Records from a data collection:
--- --- ---
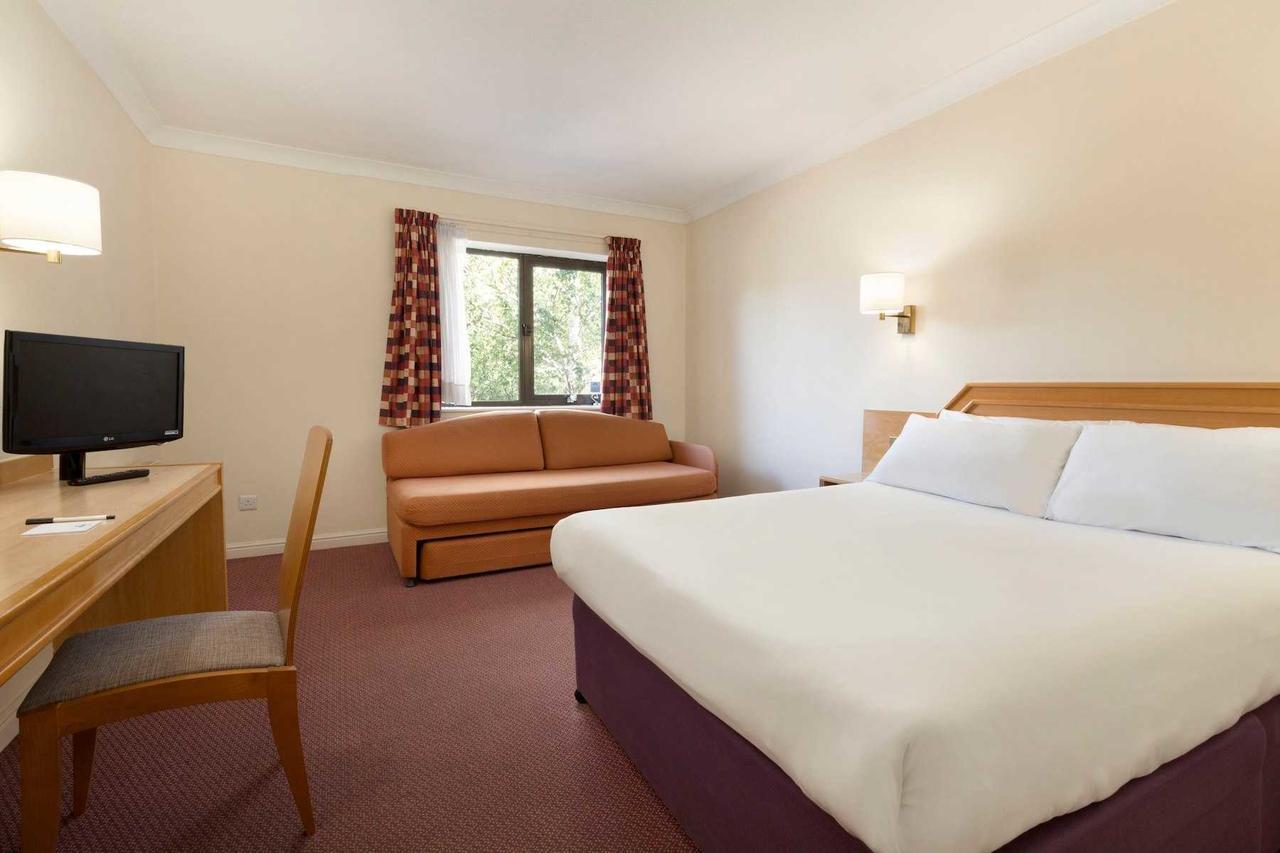 Days Inn Stafford Kültér fotó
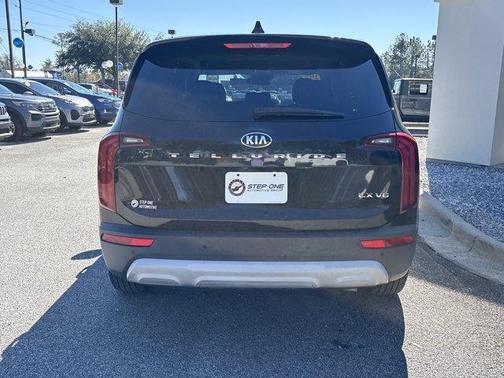2021 Kia Telluride LX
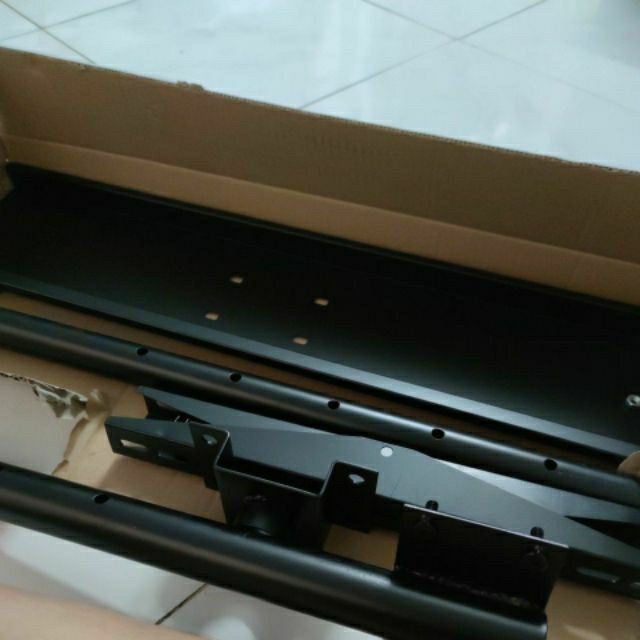 Khung treo tivi thả trần xoay 360 độ từ 32 - 65 inch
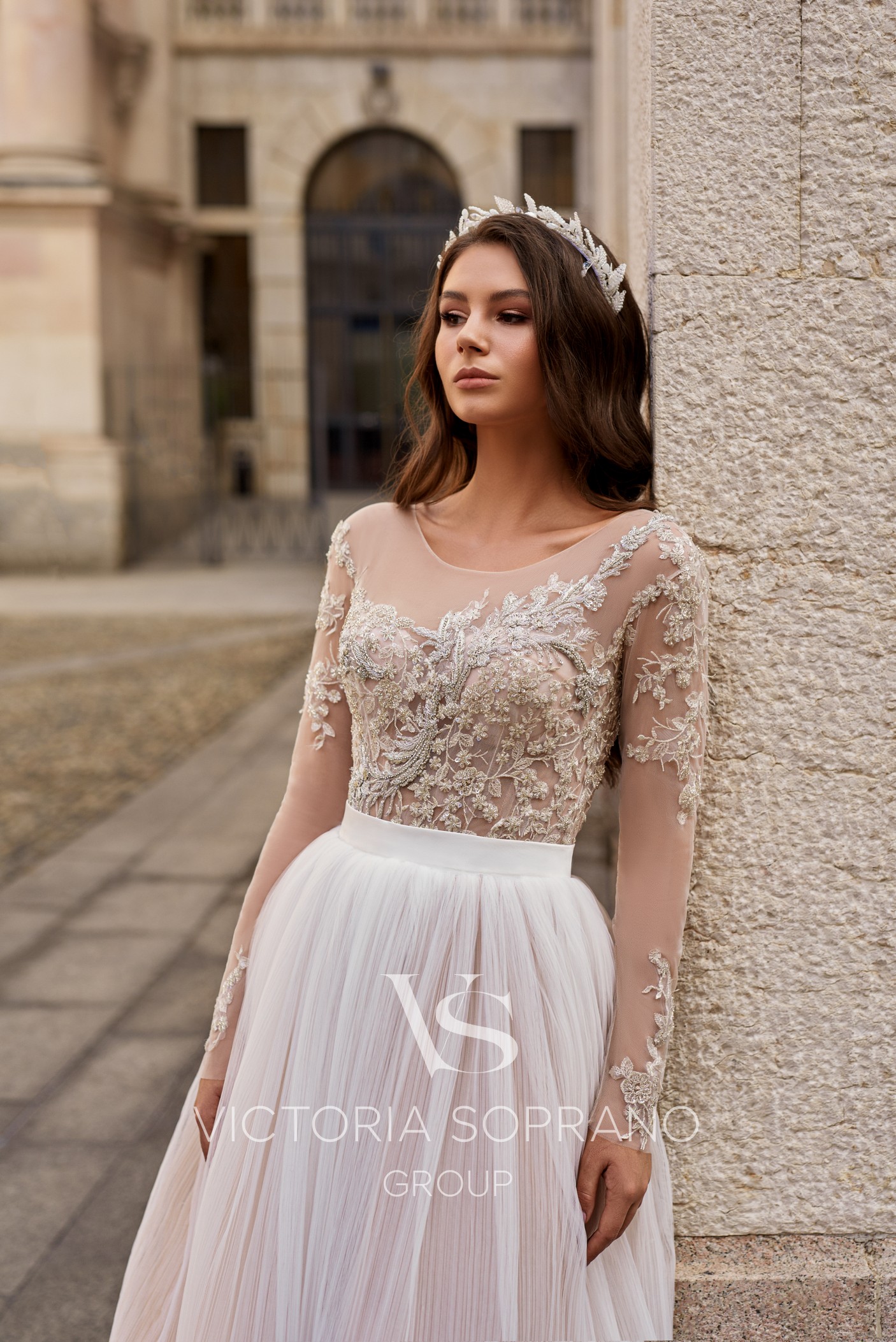 2020 Boho Wedding Dresses Beads Lace Appliques A Line Long Sleeve Wedding Dress Plus Size Illusion Robes De Mariée Bridal Wear
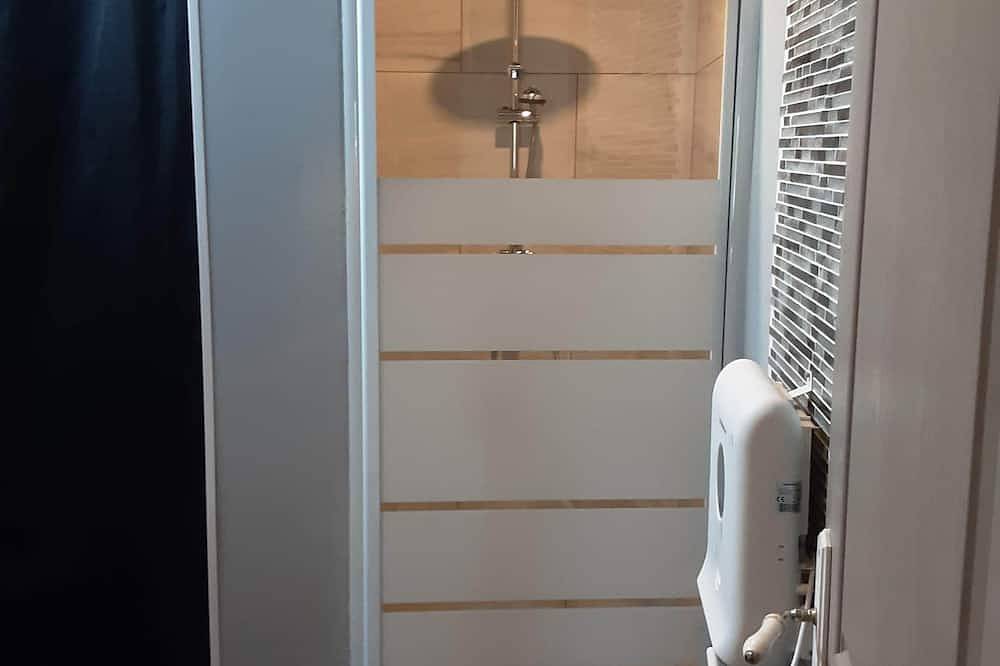 Apartamento entero, 50m2 de silencio en el corazón de Vitrolles. in Vitrolles, Costa mediterránea (Francia)
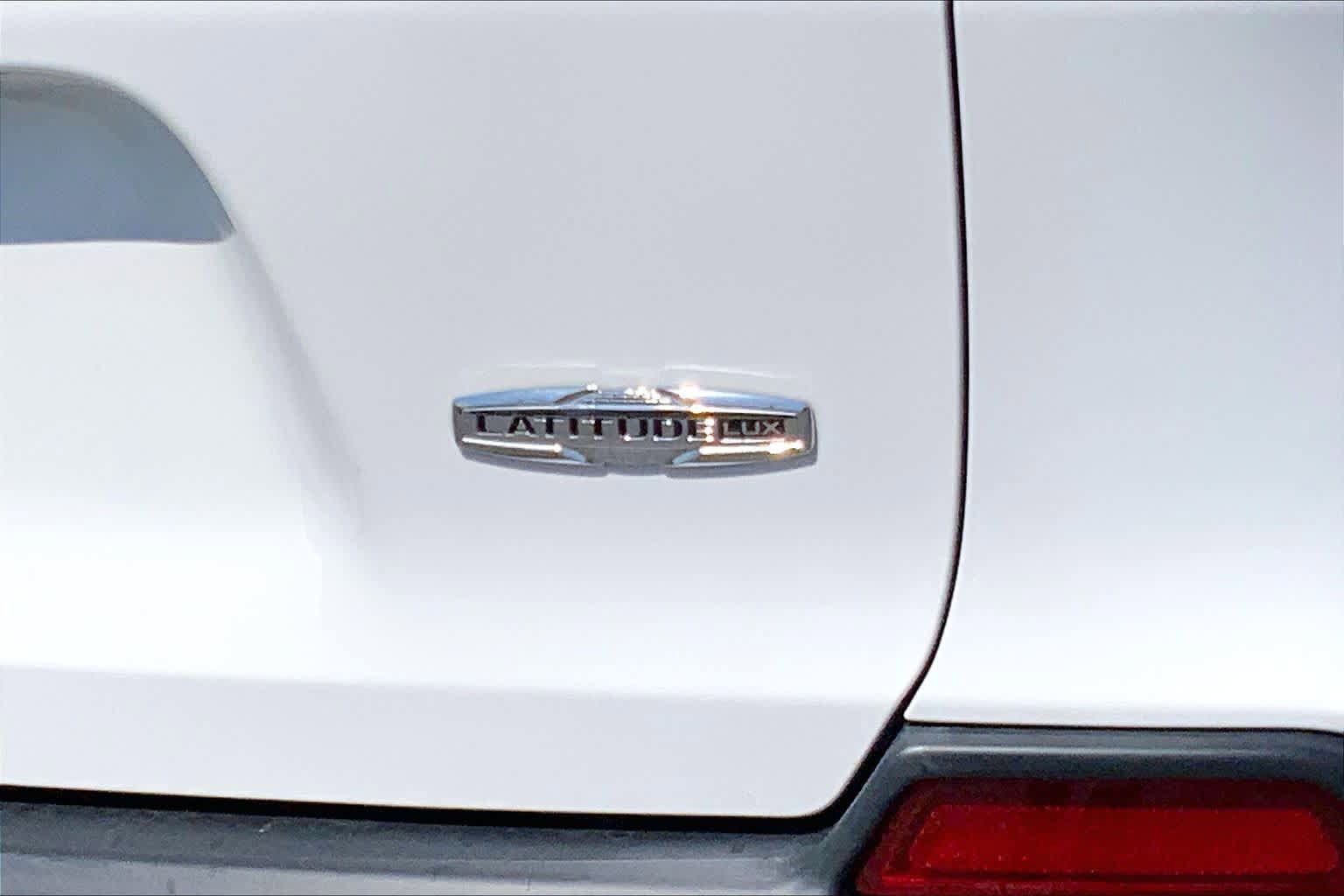 Used 2022 Jeep Cherokee Latitude Lux AWD/4WD image 53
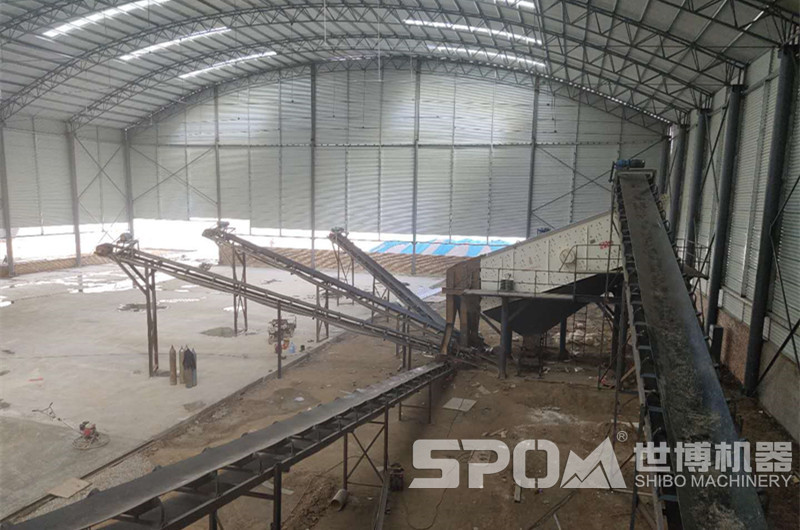 砂石振動篩安裝有一定傾角，連接皮帶機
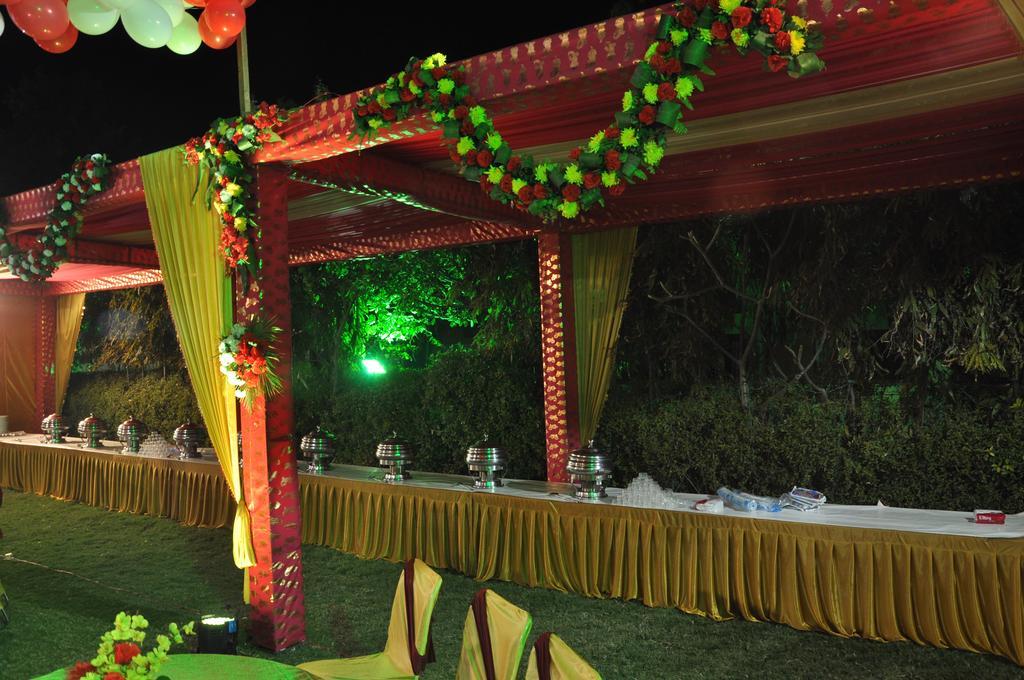 Hotel Ganpati Palace Mathura Eksteriør billede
--- --- ---
**ASSIGNMENT:** Lines from the one holding "砂石振動篩安裝有一定傾角，連接皮帶機" down to the last line of the entries above must be retyped exactly, inclusive of both, with no pictures and nothing else.

**WRITTEN RESPONSE:**
 砂石振動篩安裝有一定傾角，連接皮帶機
 Hotel Ganpati Palace Mathura Eksteriør billede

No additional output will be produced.